How to Contribute to Open Source for the First Time
Contributing to open source for the first time is intimidating. You are looking at a codebase written by strangers, with conventions you do not fully understand, maintained by people you have never met. The fear of doing something wrong, submitting a naive pull request, or wasting a maintainer’s time keeps many developers on the sidelines.
Here is the truth: every active open source contributor was once exactly where you are now. And the process is far more approachable than it appears from the outside. Having made my own first open source contribution years ago (a documentation fix that took me an entire afternoon to work up the courage to submit), I can tell you that the hardest part is clicking “Create pull request” for the first time.
Why Contribute at All?
Before diving into the how, it is worth understanding the why.
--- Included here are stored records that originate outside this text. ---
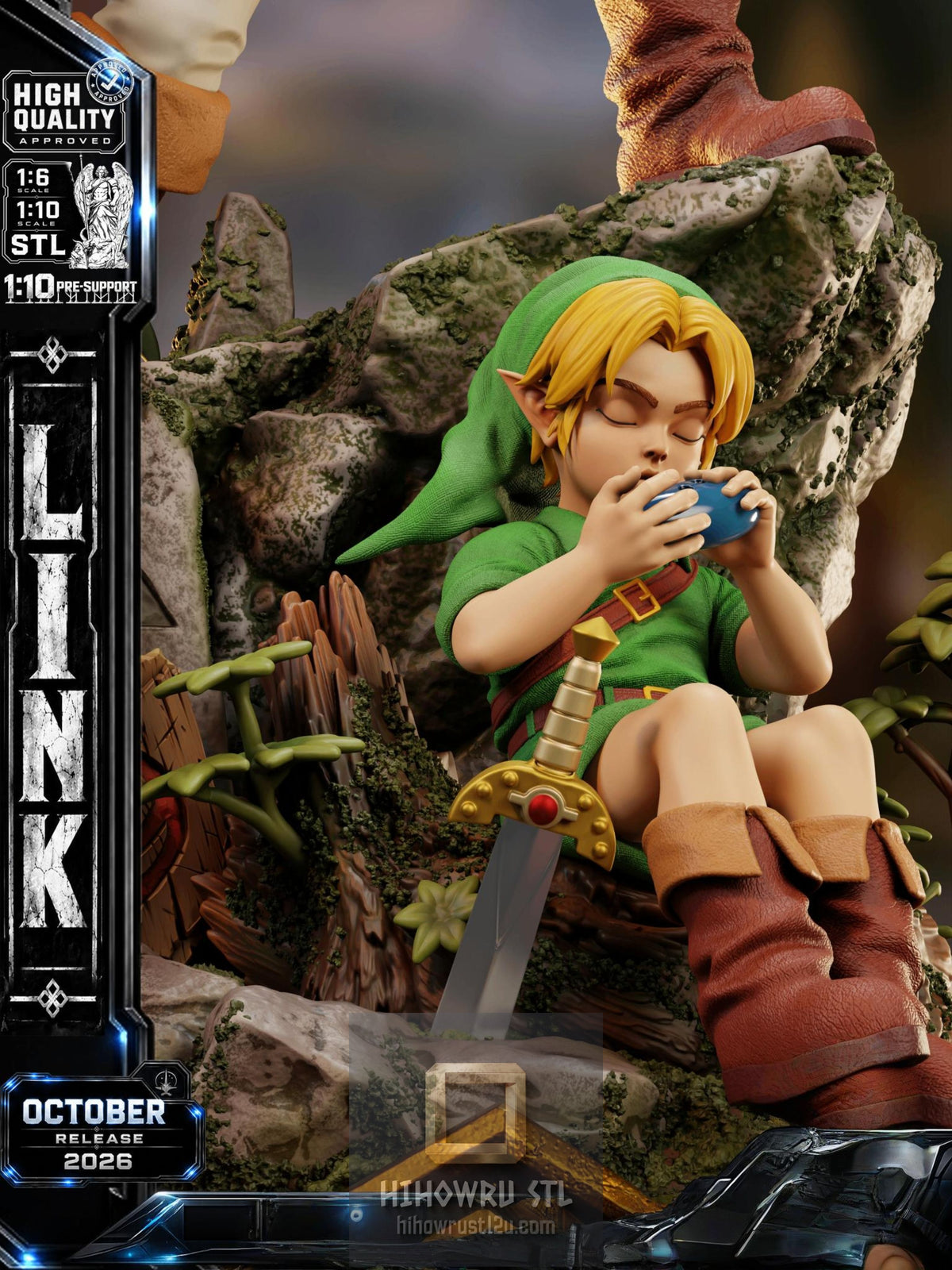 5649 Link - The Legend of Zelda - STL 3D Print Files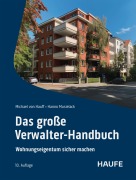 Cover-Bild zum Titel 'Das große Verwalter-Handbuch' von 'Michael Hauff, Hanno Musielack'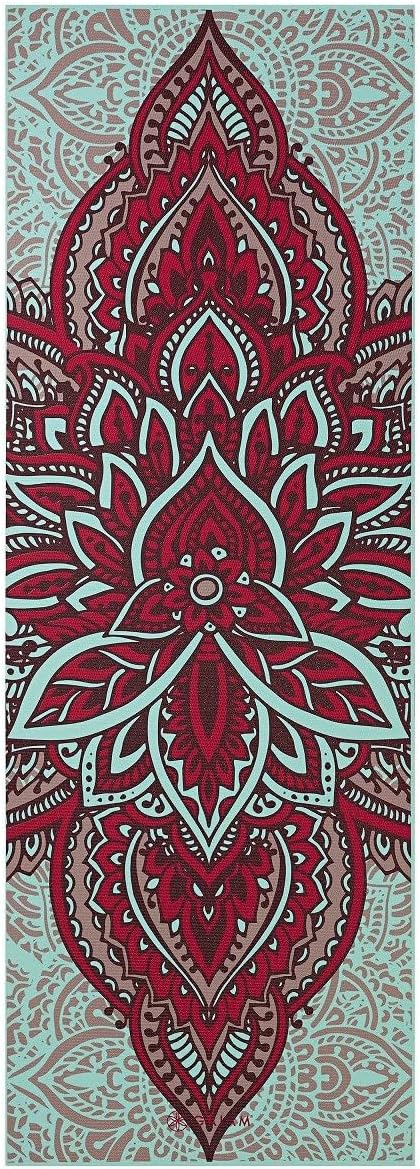 Gaiam Yoga Mat - Premium 6mm Print Reversible Extra Thick Non Slip Exercise & Fitness Mat for All Types of Yoga, Pilates & Floor Workouts (68" x 24" x 6mm Thick)-FlexoryFit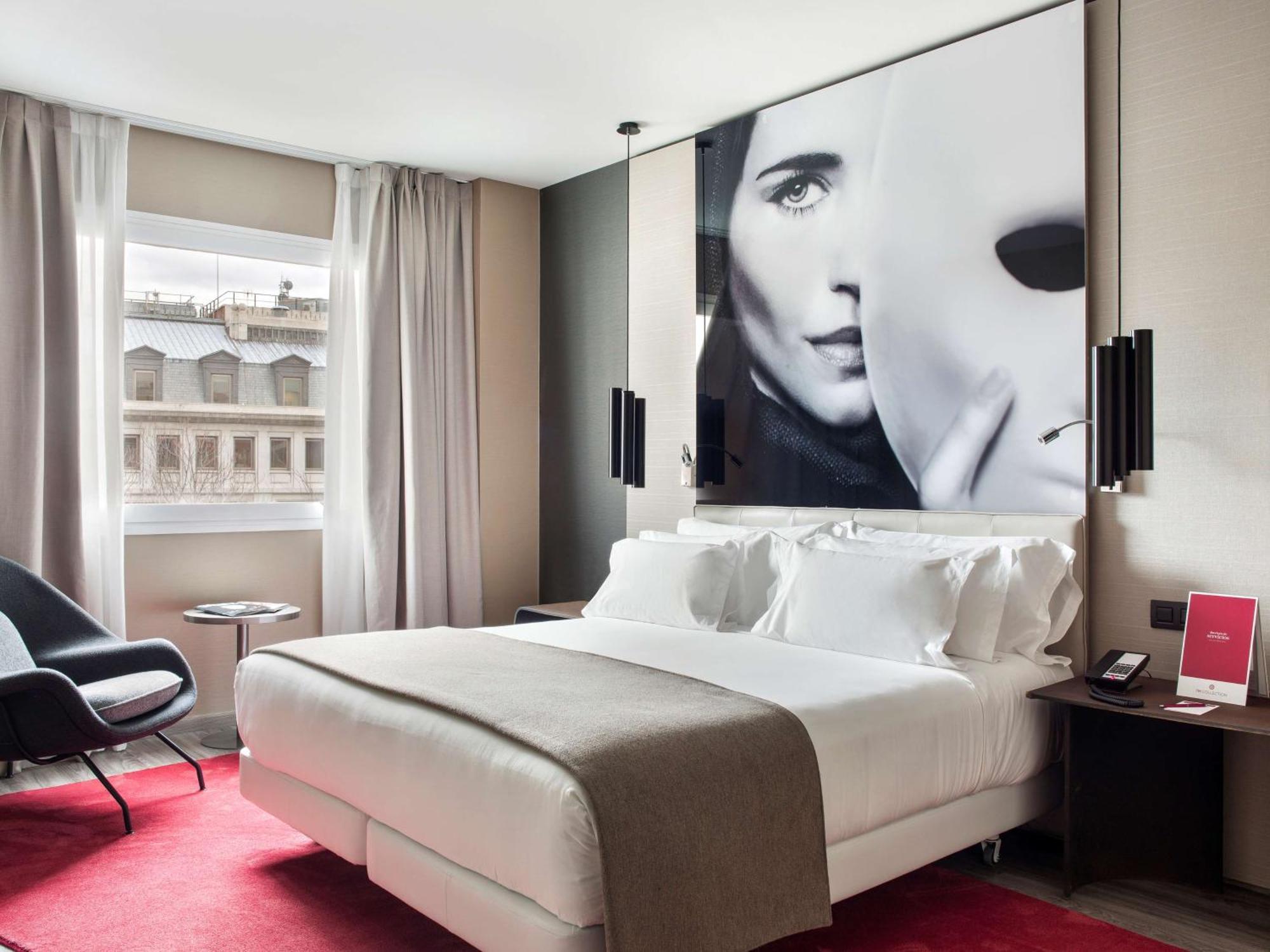 فندق إن إتش كوليكشن مدريد سيوسيا المظهر الخارجي الصورة A room at the hotel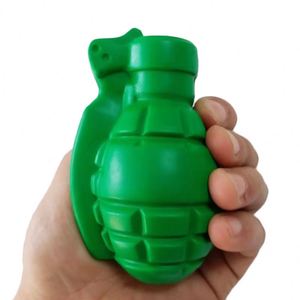 Pelota Antiestrés de Espuma de PU con Forma de Granada de Mano y Logotipo Personalizado - Product Image 1
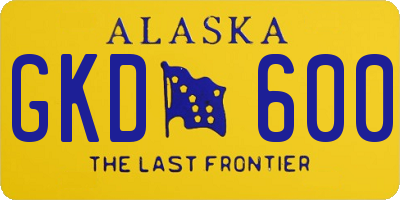 AK license plate GKD600
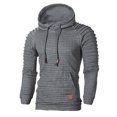 thumbnail image 1 of Mikilon Men's Autumn And Winter Stitching Long-sleeved Hooded Sweatshirt, 1 of 3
Open source contributions offer benefits that are hard to replicate elsewhere.
You learn from real codebases. Open source projects are production software. Reading and modifying them teaches you patterns, architectures, and practices that tutorials do not cover.
You build a public track record. Your contributions are visible, reviewable proof of your skills. Unlike private work behind a company firewall, open source work is something you can point to in interviews and on your CV. This is particularly valuable when navigating your developer career and demonstrating growth.
You improve the tools you rely on. That library with a confusing error message? That CLI tool missing a feature you need? You can fix these yourself instead of waiting for someone else to do it.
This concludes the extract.